THE NEW CONCEPT
THE CONCEPT
The New Concept of NCR land development is being
formulated on the premise that the vast tract of such land can be turned
into "LAND BANK" with new forms of land ownership to enable it to be
developed on a large scale commercial basis. Such a development is the
only best way of transforming the rural sector from that of a traditional
and subsistence economy into a strong, sustainable, and modern economy.
The basic assumptions in this Concept are:
(a) Native Customary Rights (NCR) Land which are now unorganised and
fragmented could be turned into an economic asset through the creation of
NCR Land Bank;
(b) NCR Land Bank once created would pool together and
mobilise the resources of the natives with NCR land for large scale
development from which optimum returns could be realised;
(c) Plantation Development is the most natural and
practical way of developing NCR land on a large scale basis that could
provide optimum returns on investment on sustainable basis;
(d) NCR Land Bank with areas of 5,000 hectares and
above are attractive and viable for investment by the private investors
and as such, will not require Government fund to develop them.
Using the framework of the above assumptions, the development of NCR land
in Sarawak is conceptualised into one Commercial Development Model by: -
the bringing together of the native landowners with
their land and the private sector with its capital and expertise to
develop the NCR land for commercial estate on a joint- venture basis. In
order to facilitate the formation of such joint-ventures and to safeguard
the interests of both the landowners and the investor, the State
Government will appoint its agency such as LCDA as Trustee to manage the
interests of the landowners.
A standard land development model has been formulated
and approved by the State Government which can be summarised as follows: -
JOINT VENTURE MODEL
In this model, the government agency will hold in trust the interests of
the NCR landowners. The trustee will form a Joint Venture Company (JVC)
with a well established private sector company approved by the Government.
Land title will be issued to the JVC for a period of sixty (60) years (2
plantation cycles) for an agreed value. The monetary value generated by
the use of the land will be used for two types of investments:
(a) as 30 % equity in the JVC ( long term investment), and
(b) as cash for investment in Unit Trusts (investment
with fast return).
Progress of Existing NCR Land Development
Projects
As at 31 December 2008, 128,390 hectares of NCR Land have been planted with
oil palm. Out of this 44,907 hectares were planted under the New Concept
of Development on NCR Land. Out of the areas developed under the New
Concept, 62.08% or 27,877.59 hectares were in production.
Upcoming Projects
The Ministry is fully committed in achieving the target set by the State
government of having 400,000 ha of NCR land fully developed into oil palm
plantations by the year 2010. In this respect another 22
new NCR land areas throughout the State have been processed. By 31 March 2009 another 22 areas had been approved for development under the New Concept, bring the cumulative total to fifty-eight (58).

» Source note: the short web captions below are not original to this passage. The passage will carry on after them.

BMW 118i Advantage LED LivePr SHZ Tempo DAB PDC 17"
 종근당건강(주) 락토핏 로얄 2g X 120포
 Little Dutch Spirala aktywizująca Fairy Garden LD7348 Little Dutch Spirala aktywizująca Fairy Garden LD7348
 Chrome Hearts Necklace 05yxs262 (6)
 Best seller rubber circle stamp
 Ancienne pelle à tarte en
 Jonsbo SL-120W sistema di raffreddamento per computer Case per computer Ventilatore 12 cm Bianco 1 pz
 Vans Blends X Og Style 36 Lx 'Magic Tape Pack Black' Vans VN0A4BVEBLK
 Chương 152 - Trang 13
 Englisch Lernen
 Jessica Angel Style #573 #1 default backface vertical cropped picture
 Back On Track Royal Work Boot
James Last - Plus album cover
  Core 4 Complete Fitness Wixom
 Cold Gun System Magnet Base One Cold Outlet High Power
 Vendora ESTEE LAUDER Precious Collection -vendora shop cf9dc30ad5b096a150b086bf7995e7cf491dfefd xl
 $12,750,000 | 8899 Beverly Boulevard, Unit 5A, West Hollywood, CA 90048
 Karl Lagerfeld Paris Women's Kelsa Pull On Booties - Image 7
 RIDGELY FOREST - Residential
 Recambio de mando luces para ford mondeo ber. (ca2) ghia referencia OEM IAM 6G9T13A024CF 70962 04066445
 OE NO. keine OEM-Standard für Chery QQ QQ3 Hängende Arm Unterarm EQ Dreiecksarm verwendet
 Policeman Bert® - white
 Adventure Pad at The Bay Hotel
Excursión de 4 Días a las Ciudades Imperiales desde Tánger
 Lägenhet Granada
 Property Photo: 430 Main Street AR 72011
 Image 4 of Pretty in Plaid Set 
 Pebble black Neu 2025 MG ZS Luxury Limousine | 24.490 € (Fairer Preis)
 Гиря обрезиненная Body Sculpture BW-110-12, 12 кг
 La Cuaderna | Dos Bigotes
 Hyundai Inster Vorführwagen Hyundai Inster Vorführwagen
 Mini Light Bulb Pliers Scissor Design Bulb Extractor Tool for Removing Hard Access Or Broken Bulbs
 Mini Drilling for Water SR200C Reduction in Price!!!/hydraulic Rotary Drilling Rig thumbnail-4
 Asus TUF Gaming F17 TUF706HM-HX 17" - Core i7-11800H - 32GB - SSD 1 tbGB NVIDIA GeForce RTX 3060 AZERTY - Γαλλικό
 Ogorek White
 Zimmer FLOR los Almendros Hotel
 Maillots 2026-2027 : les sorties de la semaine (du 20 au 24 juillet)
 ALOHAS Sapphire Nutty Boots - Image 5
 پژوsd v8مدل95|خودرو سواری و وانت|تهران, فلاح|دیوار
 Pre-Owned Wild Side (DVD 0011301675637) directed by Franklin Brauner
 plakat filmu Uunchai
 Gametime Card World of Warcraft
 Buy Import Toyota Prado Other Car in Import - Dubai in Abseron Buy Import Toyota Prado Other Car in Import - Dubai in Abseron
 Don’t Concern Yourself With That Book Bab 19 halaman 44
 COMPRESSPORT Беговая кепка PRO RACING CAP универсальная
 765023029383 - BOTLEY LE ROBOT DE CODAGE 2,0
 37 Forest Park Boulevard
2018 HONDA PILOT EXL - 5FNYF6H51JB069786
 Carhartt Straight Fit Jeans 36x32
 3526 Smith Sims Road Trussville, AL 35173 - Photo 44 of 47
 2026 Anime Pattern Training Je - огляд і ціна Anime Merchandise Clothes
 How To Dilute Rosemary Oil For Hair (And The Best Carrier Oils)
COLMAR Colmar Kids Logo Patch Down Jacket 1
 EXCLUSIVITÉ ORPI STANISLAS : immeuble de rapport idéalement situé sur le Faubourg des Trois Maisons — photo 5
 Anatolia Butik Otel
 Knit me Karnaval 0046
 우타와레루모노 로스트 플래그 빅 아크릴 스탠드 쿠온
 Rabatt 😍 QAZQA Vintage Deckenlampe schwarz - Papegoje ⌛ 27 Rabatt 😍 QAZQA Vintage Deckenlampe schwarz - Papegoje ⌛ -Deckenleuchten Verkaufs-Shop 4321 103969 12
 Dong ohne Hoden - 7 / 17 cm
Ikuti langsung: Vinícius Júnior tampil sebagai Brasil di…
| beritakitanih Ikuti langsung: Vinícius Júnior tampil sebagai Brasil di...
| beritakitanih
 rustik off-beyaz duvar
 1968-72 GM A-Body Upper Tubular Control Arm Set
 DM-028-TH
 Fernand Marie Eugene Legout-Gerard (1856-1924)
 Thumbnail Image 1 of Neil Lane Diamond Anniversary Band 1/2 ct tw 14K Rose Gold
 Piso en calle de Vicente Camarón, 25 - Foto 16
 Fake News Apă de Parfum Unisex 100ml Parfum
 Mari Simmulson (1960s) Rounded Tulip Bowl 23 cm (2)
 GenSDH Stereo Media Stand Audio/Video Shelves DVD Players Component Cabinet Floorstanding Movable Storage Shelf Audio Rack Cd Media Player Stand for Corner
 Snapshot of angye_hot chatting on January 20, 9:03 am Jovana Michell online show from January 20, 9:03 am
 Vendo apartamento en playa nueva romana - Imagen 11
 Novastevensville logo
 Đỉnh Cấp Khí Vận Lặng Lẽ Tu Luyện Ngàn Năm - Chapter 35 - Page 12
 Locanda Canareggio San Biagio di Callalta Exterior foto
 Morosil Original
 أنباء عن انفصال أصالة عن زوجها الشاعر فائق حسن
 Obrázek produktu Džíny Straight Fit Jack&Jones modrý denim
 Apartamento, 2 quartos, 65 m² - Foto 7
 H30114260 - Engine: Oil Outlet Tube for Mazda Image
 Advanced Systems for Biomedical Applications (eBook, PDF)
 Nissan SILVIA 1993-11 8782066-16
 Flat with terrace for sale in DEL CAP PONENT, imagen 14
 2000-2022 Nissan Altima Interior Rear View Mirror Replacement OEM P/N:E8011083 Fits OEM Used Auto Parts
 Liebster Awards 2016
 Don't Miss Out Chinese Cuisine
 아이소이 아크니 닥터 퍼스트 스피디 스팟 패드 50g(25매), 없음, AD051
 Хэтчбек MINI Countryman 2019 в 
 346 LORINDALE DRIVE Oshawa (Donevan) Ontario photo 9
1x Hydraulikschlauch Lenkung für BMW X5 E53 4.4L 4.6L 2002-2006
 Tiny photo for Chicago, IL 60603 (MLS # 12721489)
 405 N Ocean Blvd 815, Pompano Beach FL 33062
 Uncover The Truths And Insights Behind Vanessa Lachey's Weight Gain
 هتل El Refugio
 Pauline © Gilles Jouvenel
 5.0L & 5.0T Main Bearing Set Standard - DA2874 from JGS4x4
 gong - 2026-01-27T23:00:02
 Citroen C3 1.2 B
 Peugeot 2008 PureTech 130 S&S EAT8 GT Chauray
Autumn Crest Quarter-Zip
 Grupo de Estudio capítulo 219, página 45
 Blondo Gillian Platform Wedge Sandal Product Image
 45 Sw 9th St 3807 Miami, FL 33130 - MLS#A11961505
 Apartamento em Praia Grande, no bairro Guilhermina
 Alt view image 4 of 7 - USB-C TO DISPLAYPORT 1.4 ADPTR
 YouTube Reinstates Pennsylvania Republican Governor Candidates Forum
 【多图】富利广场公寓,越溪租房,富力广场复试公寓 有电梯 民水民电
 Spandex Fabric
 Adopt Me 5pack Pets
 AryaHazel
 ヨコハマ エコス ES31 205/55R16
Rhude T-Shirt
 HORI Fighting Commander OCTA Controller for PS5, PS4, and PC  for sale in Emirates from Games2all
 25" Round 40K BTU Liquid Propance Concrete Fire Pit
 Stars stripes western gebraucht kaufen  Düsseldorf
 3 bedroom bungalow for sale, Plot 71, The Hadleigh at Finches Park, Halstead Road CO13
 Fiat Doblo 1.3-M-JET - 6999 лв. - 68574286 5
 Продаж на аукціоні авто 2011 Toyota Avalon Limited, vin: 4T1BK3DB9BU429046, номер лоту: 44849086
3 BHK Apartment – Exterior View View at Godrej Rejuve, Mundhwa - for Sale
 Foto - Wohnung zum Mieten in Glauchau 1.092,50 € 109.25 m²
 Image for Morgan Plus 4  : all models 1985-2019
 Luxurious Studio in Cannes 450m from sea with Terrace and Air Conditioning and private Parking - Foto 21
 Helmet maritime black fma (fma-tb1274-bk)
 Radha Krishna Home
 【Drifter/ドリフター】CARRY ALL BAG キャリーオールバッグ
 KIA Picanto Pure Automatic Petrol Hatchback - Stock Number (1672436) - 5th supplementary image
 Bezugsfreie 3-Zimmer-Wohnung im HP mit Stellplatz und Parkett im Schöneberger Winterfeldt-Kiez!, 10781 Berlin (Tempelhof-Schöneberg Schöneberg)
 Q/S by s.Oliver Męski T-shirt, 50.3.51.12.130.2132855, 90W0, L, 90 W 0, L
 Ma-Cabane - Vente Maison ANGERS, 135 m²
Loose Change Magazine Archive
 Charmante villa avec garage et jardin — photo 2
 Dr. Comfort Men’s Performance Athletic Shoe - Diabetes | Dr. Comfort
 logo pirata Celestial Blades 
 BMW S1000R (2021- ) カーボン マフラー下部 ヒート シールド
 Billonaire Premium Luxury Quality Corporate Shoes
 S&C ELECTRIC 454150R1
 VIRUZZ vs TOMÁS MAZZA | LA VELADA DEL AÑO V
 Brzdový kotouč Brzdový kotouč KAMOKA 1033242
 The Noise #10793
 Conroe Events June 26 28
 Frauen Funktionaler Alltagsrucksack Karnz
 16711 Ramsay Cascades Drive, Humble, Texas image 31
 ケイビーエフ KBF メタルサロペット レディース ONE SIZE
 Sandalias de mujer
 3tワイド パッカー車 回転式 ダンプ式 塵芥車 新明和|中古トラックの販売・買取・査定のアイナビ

PRIVATE SECTOR PARTICIPATION IN NATIVE
CUSTOMARY RIGHTS (NCR) LAND DEVELOPMENT
The State Government of Sarawak has long encouraged the private sector to
take the lead in large scale land development for plantations. The New
Concept of Land Development on NCR Land was formulated to further enable
the private sector to be actively involved in the commercial development
of the vast, but underutilized, NCR land found throughout the state.
Private sector companies interested to invest in NCR
land development has to apply to either the Ministry of Land Development
or the Land Custody and Development Authority to register their interest.
The following information/documents should be submitted together with
their applications:
| 1. |
Up-to-date Corporate Profile for the Company, and if
applicable, for the Group also. |
| 2. |
Memorandum and Articles of Association |
| 3. |
Form 24 |
| 4. |
Form 9 & 13 (if applicable) |
| 5. |
Form 49 |
| 6. |
Annual Reports for the last 5 years incorporating the
audited Financial Statements. |
| 7. |
List of persons holdings shares in the Company and an
account of the shares held extracted from the Companys latest Annual
Return. |
| 8. |
Supporting evidence of relevant technical and management
capability if core business has been outside the oil palm plantation
industry. |
| 9. |
A Detailed Project Proposal (if applicant has details of
the area applied for or has undertaken field reconnaissance survey of
the area) or a Preliminary Project Proposal if details of the area
applied for are not available.
In either case, the Project Proposal must include the following:
(i) An implementation/development plan
(ii) A financing plan which should also state clearly the source and cost
of fund
(iii) An analysis of financial viability in terms of IRR, NPV,
Break-even measures such as the Payback Period and/or the accounting
break-even point, and
(iv) Sensitivity analysis.
All
assumptions used must be clearly stated.